Brandon Borzelli's Geek Goggle Reviews

X-Men Original Sin #1
Marvel Comics
Way, Carey, Deodato & Eaton

The opening of the crossover between X-Men Legacy and Wolverine Origins has an interesting set up. The comic is split between both title’s creative teams into two chapters. The story is seamless in its hand off between teams. The comic deals with reestablishing Wolverine and Xavier’s relationship and bringing Wolverine’s son, Daken, into the picture for those who might not know him. It’s a good story but it doesn’t feel terribly essential for this crossover.

The story starts with Wolverine dropping Daken off at the house of one of his friends. Then he heads to see the X-Men. He wants Emma to mind wipe his son’s conditioning. What he finds is that Xavier’s scent is all over Cyclops. Wolverine goes beserk and storms off.

Eventually he finds Xavier hanging around and he then propositions Xavier to help with Daken. Xavier is less than thrilled to hear that someone wants to use him and his mind powers to un-brainwash someone and he ultimately has a confrontation with Wolverine. Meanwhile, Daken finds himself making friends with the wrong kind of people if you are an X-Men.

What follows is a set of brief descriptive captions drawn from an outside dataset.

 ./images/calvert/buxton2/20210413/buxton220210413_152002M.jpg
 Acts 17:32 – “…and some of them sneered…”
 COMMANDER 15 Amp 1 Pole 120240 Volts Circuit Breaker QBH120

The issue doesn’t try to do too much. In fact, the few things it wants to accomplish are done quite easily, like setting up who Daken is and what Wolverine wants to get done. But when it tries to branch off it gets into trouble. For example, Wolverine just wants someone to get into his kid’s head, so he needs someone with psychic powers. This comic should have just had him find Xavier. Instead it tries to explain how Wolverine didn’t know Xavier wasn’t dead. The problem here is that he is so full of rage when he finds out Xavier’s alive he forgets to care when he meets Xavier to find out what exactly happened to this whole time he’s been missing. It’s trying to tie too many X-Men loose ends in and heaven knows there more to keep track of that can easily be counted.

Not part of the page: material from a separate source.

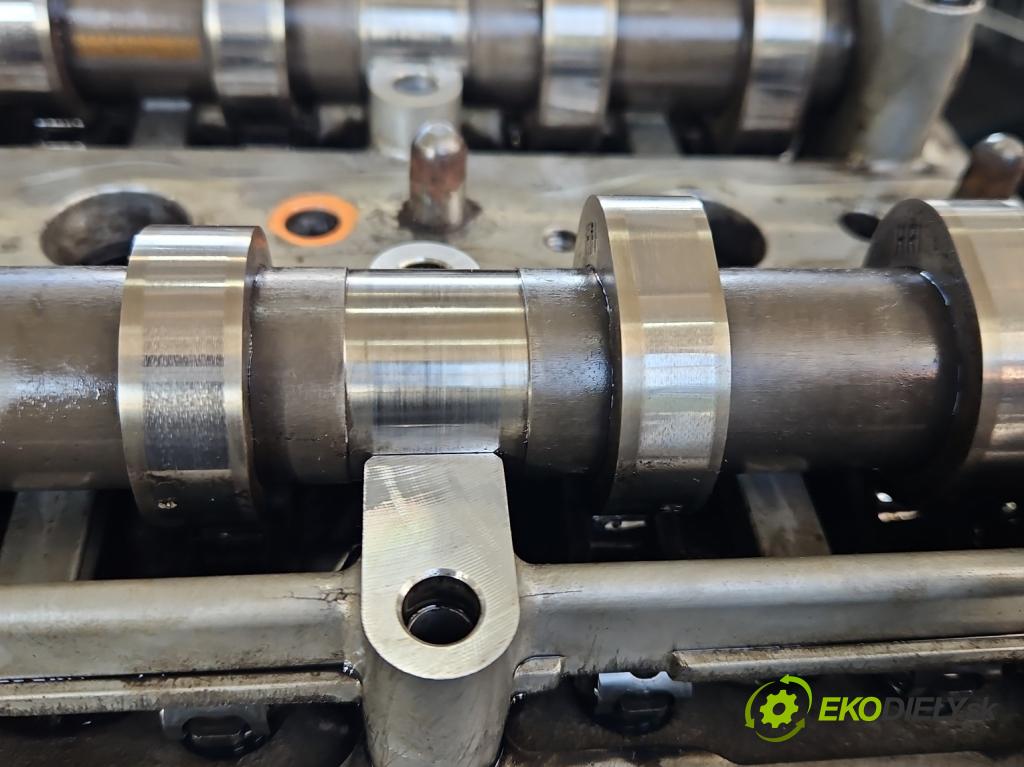 Hyundai Ix35 2.0 crdi 4wd 136 HP manual 100 kW 1995 cm3 5- motor diesla D4HA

The artwork has a consistent flow. There isn’t a ton of action to go on here so the comic captures some of the drama with the art, but the bulk is handled through the dialogue.

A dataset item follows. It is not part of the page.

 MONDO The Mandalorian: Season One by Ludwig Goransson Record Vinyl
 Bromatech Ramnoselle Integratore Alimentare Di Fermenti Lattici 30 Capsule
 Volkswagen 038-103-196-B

The comic provides an old reprint in the back to help mark the price up a buck and that’s pretty much the whole comic in a nutshell.

The story is okay, but it doesn’t seem to tell us anything more than a recap page could in the next issue. It’s not a bad story it just doesn’t seem to be mandatory to follow this story. I liked it but I was a little turned off by the cover price and the confusing side plot of Wolverine freaking out about Xavier being alive. IF you do read this you will at least get a clear understanding of Wolverine’s motives and Xavier’s tance on this subject. Generally a good story, but I hope the overall crossover has more to offer than this one shot did.